_Instructions for the task:_ In the listing below, print exactly the lines between the line holding "Camel standing in" and the line holding "Plant growth stages: seed", inclusive, and no more.
*** Data section ***
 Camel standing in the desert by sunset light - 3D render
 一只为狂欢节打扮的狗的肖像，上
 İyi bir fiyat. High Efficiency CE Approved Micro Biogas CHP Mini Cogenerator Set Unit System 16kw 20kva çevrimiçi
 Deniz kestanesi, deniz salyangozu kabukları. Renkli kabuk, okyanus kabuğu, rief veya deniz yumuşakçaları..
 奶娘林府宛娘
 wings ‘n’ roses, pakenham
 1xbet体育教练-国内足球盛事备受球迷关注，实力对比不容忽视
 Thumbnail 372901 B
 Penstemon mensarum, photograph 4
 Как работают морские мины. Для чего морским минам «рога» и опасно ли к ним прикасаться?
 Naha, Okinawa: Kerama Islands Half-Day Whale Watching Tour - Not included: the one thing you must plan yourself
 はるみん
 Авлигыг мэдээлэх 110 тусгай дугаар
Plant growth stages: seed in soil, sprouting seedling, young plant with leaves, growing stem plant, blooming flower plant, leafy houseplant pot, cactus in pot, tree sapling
*** End of Data section ***
*** Data section ***
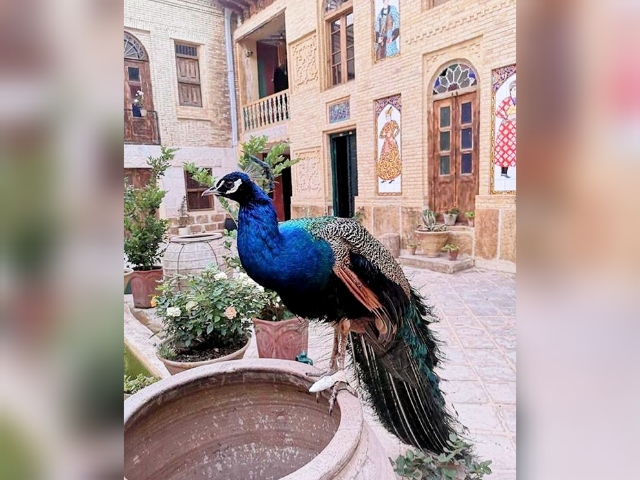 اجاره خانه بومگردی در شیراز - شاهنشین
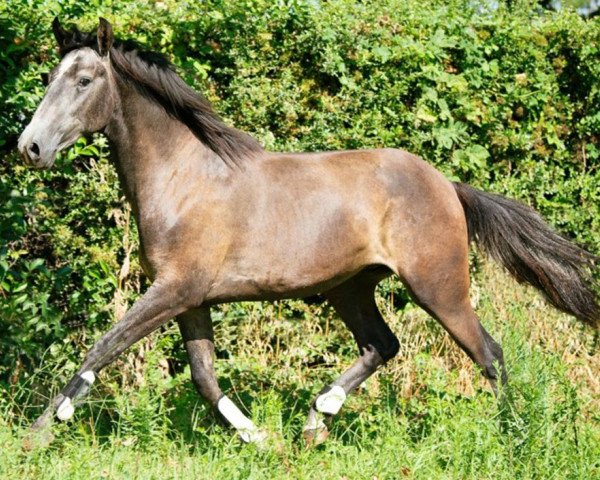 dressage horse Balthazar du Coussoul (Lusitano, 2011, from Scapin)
*** End of Data section ***
*** Data section ***
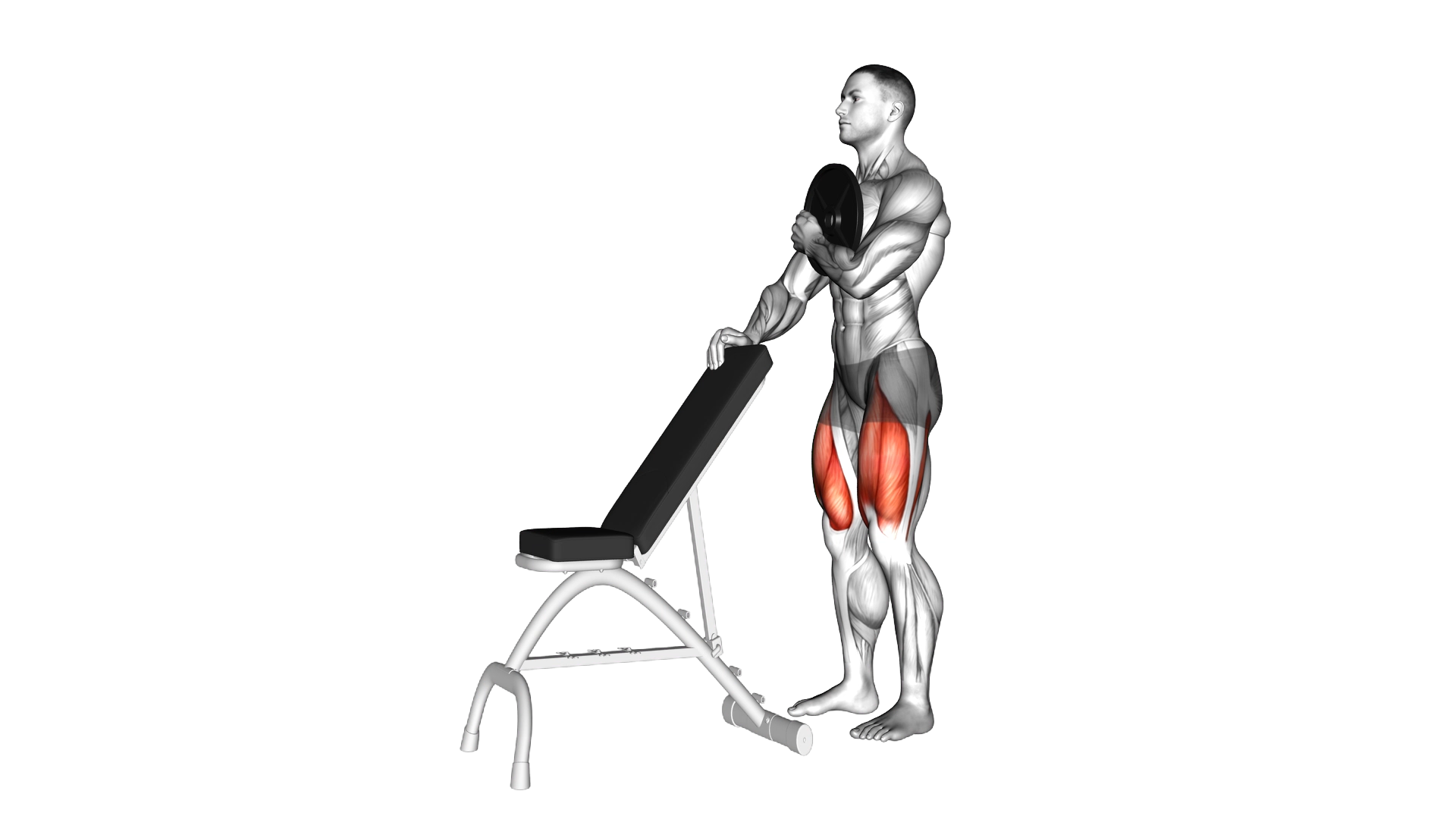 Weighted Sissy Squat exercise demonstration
*** End of Data section ***
_Response to the task:_
 Camel standing in the desert by sunset light - 3D render
 一只为狂欢节打扮的狗的肖像，上
 İyi bir fiyat. High Efficiency CE Approved Micro Biogas CHP Mini Cogenerator Set Unit System 16kw 20kva çevrimiçi
 Deniz kestanesi, deniz salyangozu kabukları. Renkli kabuk, okyanus kabuğu, rief veya deniz yumuşakçaları..
 奶娘林府宛娘
 wings ‘n’ roses, pakenham
 1xbet体育教练-国内足球盛事备受球迷关注，实力对比不容忽视
 Thumbnail 372901 B
 Penstemon mensarum, photograph 4
 Как работают морские мины. Для чего морским минам «рога» и опасно ли к ним прикасаться?
 Naha, Okinawa: Kerama Islands Half-Day Whale Watching Tour - Not included: the one thing you must plan yourself
 はるみん
 Авлигыг мэдээлэх 110 тусгай дугаар
Plant growth stages: seed in soil, sprouting seedling, young plant with leaves, growing stem plant, blooming flower plant, leafy houseplant pot, cactus in pot, tree sapling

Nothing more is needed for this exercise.